John Franke, in his new and exciting book Manifold Witness: The Plurality of Truth (Living Theology) addresses the topic of truth.
No one speaks entirely for the emerging conversation, but many speak against the emerging conversation as if it can be narrowed to one point of view. This is why it is important for critics to read what John Franke says about truth, ultimate Truth:
“Simply for me… Truth … is a person, Jesus Christ” (43). Thus, “Knowing truth and participating in truth depend … on being properly related to this one person who is divine truth” (44). But, there’s more: Jesus is not alone the truth, he is the Truth in relation to the Father. And he is Truth in relation to the Paraclete, the Holy Spirit. Here John is working with John 14 and John 15. Truth, then, is bound up with and identical to the persons of the Trinity (45). God, for the Christian, is the Triune God.

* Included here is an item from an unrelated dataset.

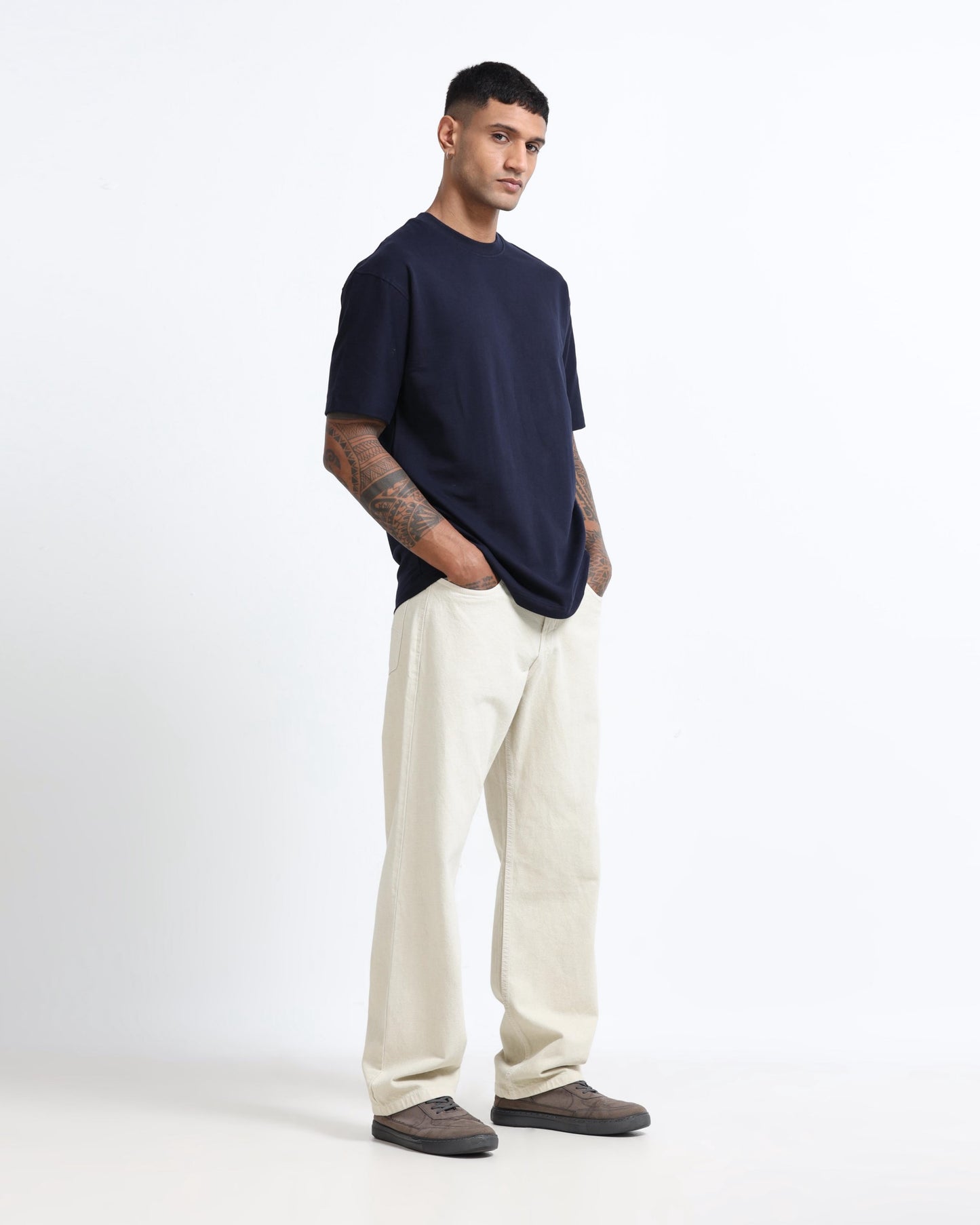 solid round neck T shirt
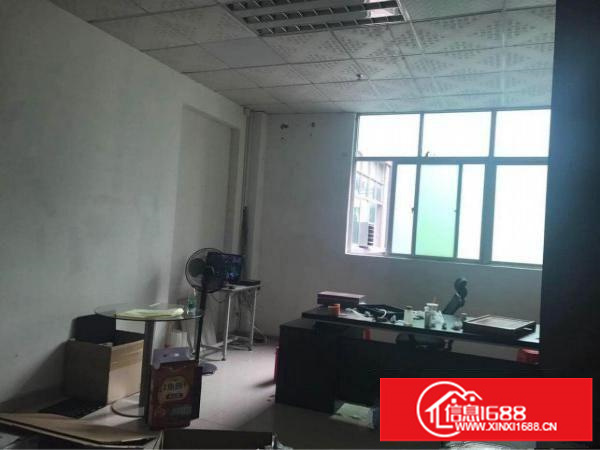 观澜泗黎路边新出300平方，水电齐全，办公室装修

But some, Franke observes, say the Trinity is not used as a term in the Bible, so Franke observes this in response: “theological teaching which the early Christians understood as defending the central faith convictions of the Bible and the church” (47). It was a “nonnegotiable of the gospel” (47).
Trinitarian thinking preserves the monotheism of the Old Testament and the unmistakable belief of the exalted status of Jesus Christ and the Spirit. The challenge of connecting these two beliefs — God’s oneness and the deity of Christ and the Spirit — led to the Trinity as the only way to make sense of the Christian God.
John tells a story of a conversation with students who knew one had to believe in the Trinity but could neither define it nor show its impact on daily living. John thinks Trinity matters deeply:
God is as God acts, and God’s acts are love. The eternal Trinitarian relationship is one of love. That inner love is a unity-in-plurality and a plurality-in-love. In this (perichoretic) relationship, we learn two things about God — who is Truth:
1. God is Social: three persons in one, one in three.
2. God is missional: the Father “sends” love to the Son and the Son “sends” love to the Spirit” and the Spirit “sends” and … each is missionally related to the other. As one Being, Three Persons. But there’s more: the missional God sends his love to the created world in Jesus Christ, the Son of God. God creates as an extension of love and he redeems in that same love.